Maybe you could find another place (Service Center) to plug it in and see what you could get with a proper feed.

Good info, unfortunately it’s irrelevant to anything posted in this thread thus far.
 
I was at a L2 public charger last weekend and was charging at 208v @ 32amps. I got about 110 miles of charge in 4 hours. I noticed, however, when I got into the car to cool it down (It was 98F outside, 110F in the car), my charge rate with the AC on and set to 4 fan speed went to about 10mph. Full fan (speed 10) put the car at 1mph charge.

Do you have any accessories on? Fan, AC, heat (not likely I know).
 
I was at a L2 public charger last weekend and was charging at 208v @ 32amps. I got about 110 miles of charge in 4 hours. I noticed, however, when I got into the car to cool it down (It was 98F outside, 110F in the car), my charge rate with the AC on and set to 4 fan speed went to about 10mph. Full fan (speed 10) put the car at 1mph charge.

Do you have any accessories on? Fan, AC, heat (not likely I know).

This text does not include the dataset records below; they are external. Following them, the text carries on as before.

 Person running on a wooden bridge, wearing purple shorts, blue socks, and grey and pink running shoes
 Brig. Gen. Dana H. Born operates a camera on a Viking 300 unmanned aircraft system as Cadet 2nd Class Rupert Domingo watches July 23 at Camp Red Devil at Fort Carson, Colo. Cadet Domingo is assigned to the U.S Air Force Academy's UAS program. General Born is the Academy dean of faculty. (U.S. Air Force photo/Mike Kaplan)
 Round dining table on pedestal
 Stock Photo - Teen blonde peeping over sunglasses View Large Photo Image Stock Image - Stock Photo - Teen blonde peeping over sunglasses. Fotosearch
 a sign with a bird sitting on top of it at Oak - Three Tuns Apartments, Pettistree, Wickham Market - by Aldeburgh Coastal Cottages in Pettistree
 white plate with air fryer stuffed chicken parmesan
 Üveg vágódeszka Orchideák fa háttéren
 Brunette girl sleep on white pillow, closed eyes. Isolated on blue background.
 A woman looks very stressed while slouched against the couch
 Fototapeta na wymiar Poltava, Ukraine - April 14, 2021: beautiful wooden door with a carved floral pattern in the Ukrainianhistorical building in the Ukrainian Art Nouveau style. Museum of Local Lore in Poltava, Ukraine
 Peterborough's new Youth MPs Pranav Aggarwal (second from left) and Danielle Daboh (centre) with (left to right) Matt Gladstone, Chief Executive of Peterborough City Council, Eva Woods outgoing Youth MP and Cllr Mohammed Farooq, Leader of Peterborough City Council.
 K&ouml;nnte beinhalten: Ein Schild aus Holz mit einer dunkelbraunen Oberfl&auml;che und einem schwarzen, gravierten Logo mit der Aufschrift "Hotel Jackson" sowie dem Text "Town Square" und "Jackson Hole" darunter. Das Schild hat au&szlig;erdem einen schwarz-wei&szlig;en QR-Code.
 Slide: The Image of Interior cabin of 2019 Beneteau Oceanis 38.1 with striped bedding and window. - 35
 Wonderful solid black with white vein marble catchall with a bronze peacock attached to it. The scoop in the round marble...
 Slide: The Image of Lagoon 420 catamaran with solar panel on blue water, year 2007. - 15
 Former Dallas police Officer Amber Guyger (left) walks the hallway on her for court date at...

Good catch; Looks like his AC is on.
 
I think I know what’s wrong. It’s come up a few times.

The Tesla Wall Connectors are designed for residential 240V split phase. Even though neither the UMC nor Wall Connector require Neutral they both test to see 120V is present between hot and ground (or neutral).

This sounds like a commercial building with 3 phase which won’t get 120V to ground and has no neutral.

There are adapters you can get I think. But not cheap to my understanding.

Technically you don’t have a 14-50 outlet. Because you have no Neutral.
 
I was at a L2 public charger last weekend and was charging at 208v @ 32amps. I got about 110 miles of charge in 4 hours. I noticed, however, when I got into the car to cool it down (It was 98F outside, 110F in the car), my charge rate with the AC on and set to 4 fan speed went to about 10mph. Full fan (speed 10) put the car at 1mph charge.

Do you have any accessories on? Fan, AC, heat (not likely I know).

Great point. I imagine the AC, cabin fan, and other accessories could easily consume ~2kw when running, which obviously reduces the amount of energy going into the battery.